So, why, why, why is the government forcing me as a travel agent to go through all sorts of financial hoops in order to sell travel products. I must have  suitable cash reserves, a financial bond, audited accounts, forms to fill in -and staff of course must be legally employed -just so you , the public is "protected".

We could give much cheaper prices if we didnt have all this to pay for..

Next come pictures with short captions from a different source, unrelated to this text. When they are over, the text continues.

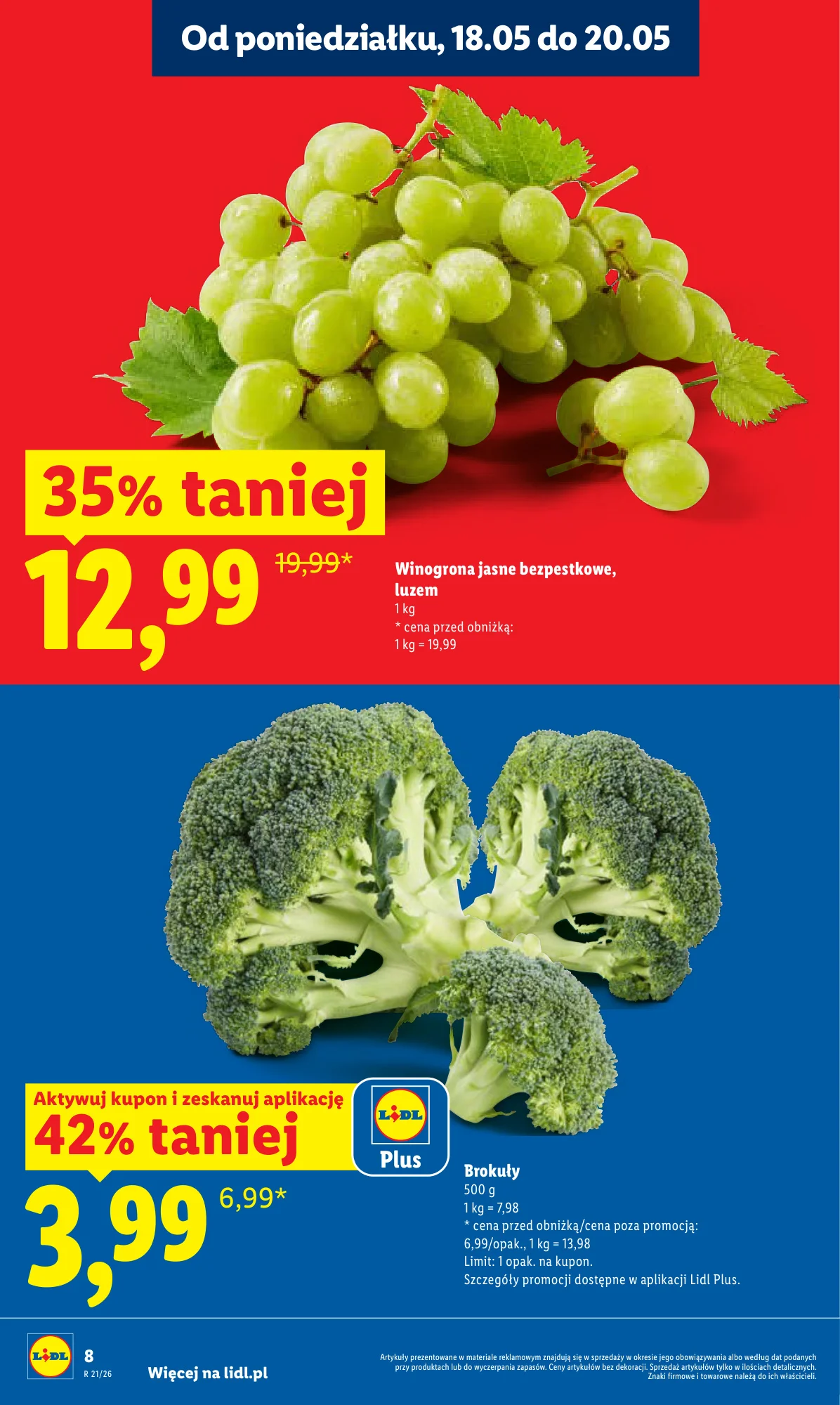 Gazetka promocyjna Lidl str. 8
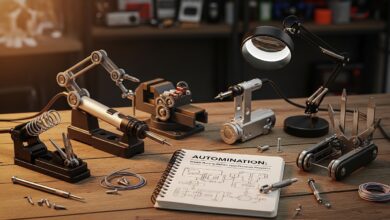 Automination: Simple Tools to Enhance Your Personal Projects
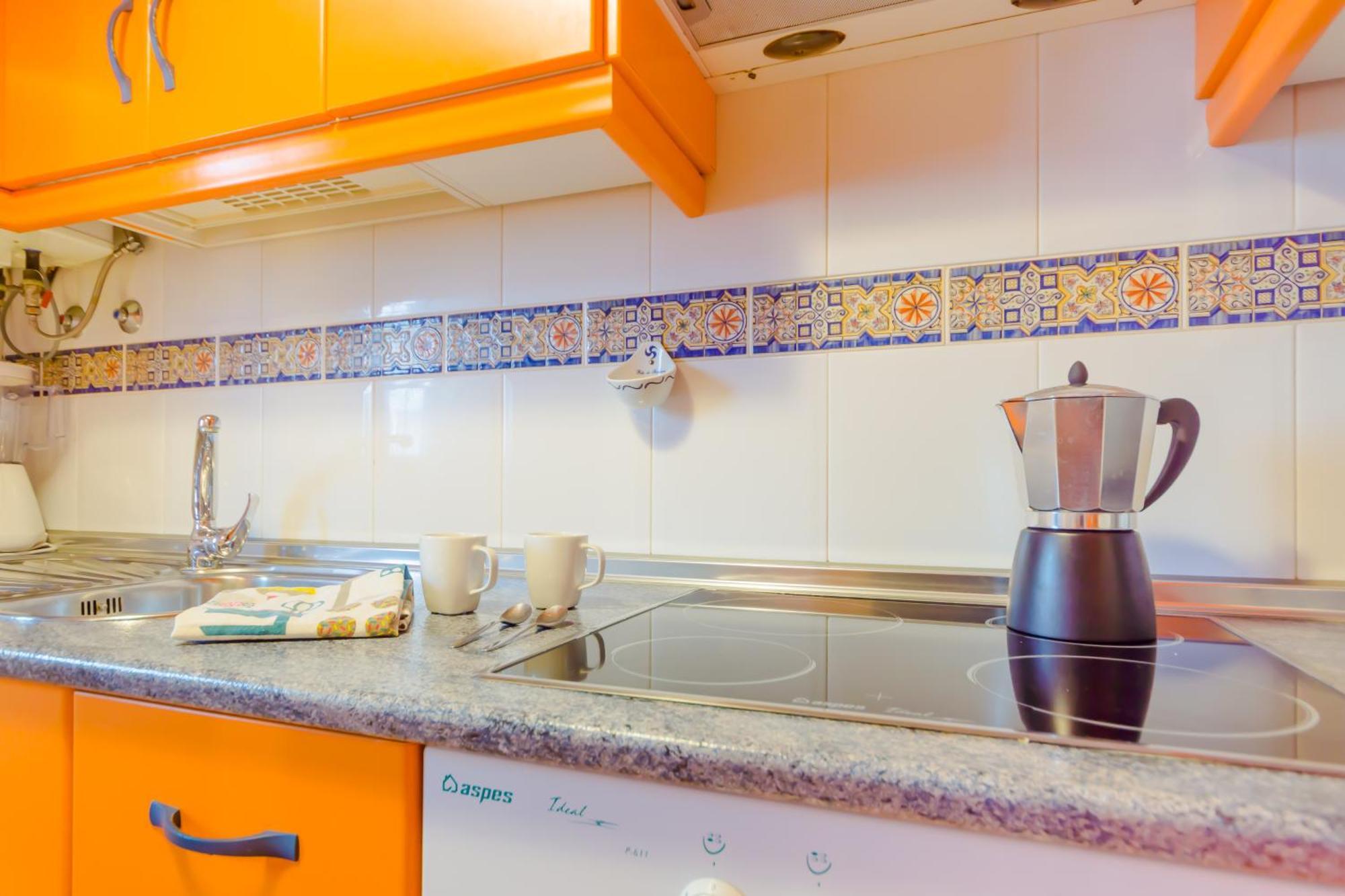 Apartamentos Rotonda Conil de la Frontera Szoba fotó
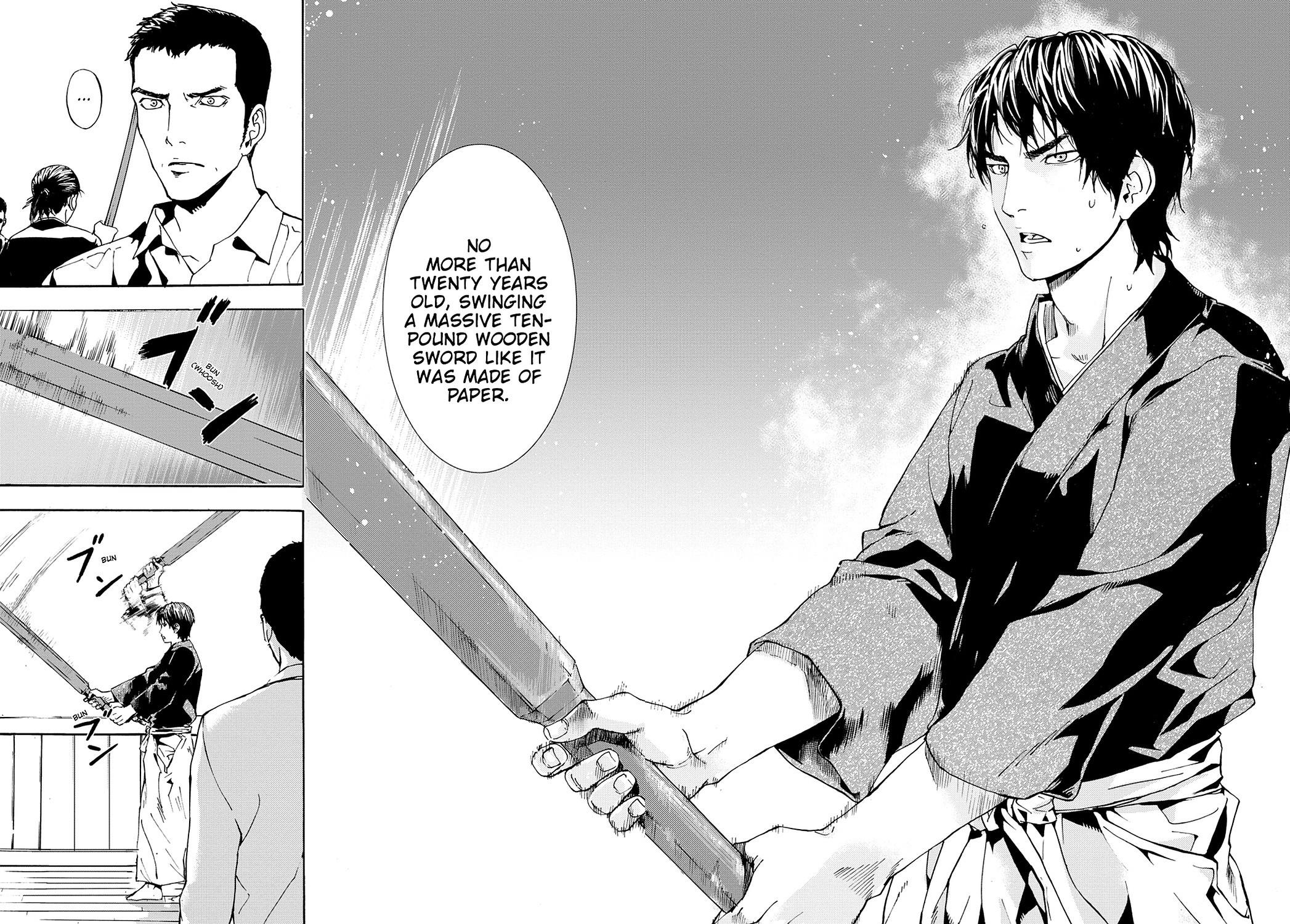 Read Until Death Do Us Part (en) Manga Online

..and thats why I'm giving up my bricks-and-mortar establishment and heading for cheaper to run website territory.
Bye bye personal service and consumer protection !


----------



## Marie M (12 Aug 2010)

Well I wouldn't call it wonderful, but I do agree with you, there is no protection from these establishments.  I don't understand how airlines can have a compensation proceedure for over bookings but accomdation providers have no responsibility for their paying customers


----------



## SlugBreath (13 Aug 2010)

Alpharooms, refunded me my hotel costs during the April volcano event when I had to cancel. Although every contact from them had a "do not reply" to this email message attached.


----------



## Blossom (13 Aug 2010)

I've also used Alpharooms on many occasions and have had no problems. I do find that when you get to the hotel they put you in the worst room (not renovated, dark, down a long corridor, noisy etc) but now when this happens I ask for a room change and it has worked out well so far.


----------